Le choix politique réalisé dans les années 1960 par Hubert Dubedout, le maire de l’époque, était de développer un réseau de proximité plutôt qu’une grande bibliothèque centrale, afin de garantir un accès simplifié à la lecture.

Depuis cette époque, ses successeurs ont poursuivi l’effort jusqu’à atteindre un réseau de 14 bibliothèques pour 150 000 habitants, avant les fermetures annoncées.

Soit l’un des maillages de lecture publique les plus denses de France.

« Une maison publique, comme à la campagne »

Alors quels critères ont été retenus pour décider de la fermeture des trois bibliothèques Prémol, Hauquelin et Alliance ? D’abord leur taille – « les plus petites » – mais aussi la faible amplitude des horaires d’ouverture.

Dans le sud grenoblois, les bibliothèques Prémol et Alliance étaient pourtant le dernier accès aux services publics pour certains usagers de ces quartiers populaires.

Les bibliothécaires souhaitent témoigner de leur mission « à la croisée du culturel, du social et de l’éducation ». Plus disponibles et accessibles qu’ailleurs, ils racontent leurs séances improvisées d’aide aux devoirs ou les conseils donnés pour remplir des documents administratifs.

Les agents territoriaux ont érigé un mur de livre lors du conseil municipal du 3 octobre 2016. Crédit : VG/Rue89Lyon

En réponse, Corinne Bernard, l’adjointe aux Cultures, défend son redécoupage :

« Je souhaite justement que le bâtiment Alliance reste ouvert pour devenir « une maison publique » où plusieurs services seront accessibles, comme à la campagne. À l’heure du numérique et des transports en commun, c’est vers cela que s’orientent les villes en transition. Quant à Prémol qui n’était plus une bibliothèque mais un point lecture seulement, il y a d’autres équipements très proches qui pourront accueillir les usagers ».

Effectivement, les bibliothèques Arlequin dans le quartier de la Villeneuve et Kateb Yacine dans le centre-commercial Grand’Place se trouvent toutes les deux à moins de 900 mètres de l’ancien équipement.

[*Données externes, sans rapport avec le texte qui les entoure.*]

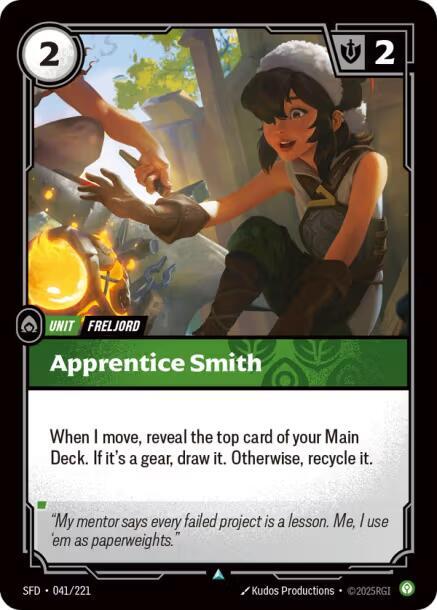 Apprentice Smith 41/221 (Spiritforged)  - Foil | Good Games Morley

Mais un agent mobilisé conteste :

« Les élus ne tiennent pas compte de la logique de quartiers de ce secteur. Les enfants n’ont pas le droit de dépasser le bout de la rue. Alors vous les imaginez passer dans un quartier « rival » ou traverser tout un boulevard ? Le schéma de mobilité à vélo des élus ne correspond pas aux usages ! Ils vont créer une zone grise d’accès à la lecture publique dans tout le secteur 4″.

L’effritement de la base militante

Annoncée sans aucune marge de négociation et mis devant le fait accompli durant l’été, c’est surtout la méthode « autoritaire » de ce plan de rigueur qui surprend les agents.

Depuis son annonce, tous les conseils municipaux se sont tenus sous la protection d’un cordon de policiers pour éviter une nouvelle intrusion lors de la séance, comme en juillet dernier. Un nouveau rendez-vous est déjà donné le 7 novembre prochain pour maintenir la pression.

Une bibliothécaire enrage :

« On nous avait promis de la co-construction et le maintient absolu du réseau des bibliothèques municipales. On se sent évidemment trahis ».

Un cordon de policer sécurise la tenue du conseil municipal de Grenoble, le 3 octobre 2016. Crédit : VG/Rue89Lyon

Et il n’y a pas que chez les usagers ou dans les services que la colère gronde. Si la majorité municipale tient pour le moment le coup, en apparence au moins, sa base militante s’effrite.

Au Parti de Gauche, les deux co-secrétaires départementaux ont été sanctionnés par le parti après avoir réclamé un « moratoire » sur ce plan de rigueur.

En début de campagne présidentielle, il est devenu difficile pour certains militants de défendre localement une austérité dénoncée à l’échelle nationale et européenne. Notamment quand des équipements publics de culture et d’éducation dans des quartiers populaires en font symboliquement les frais.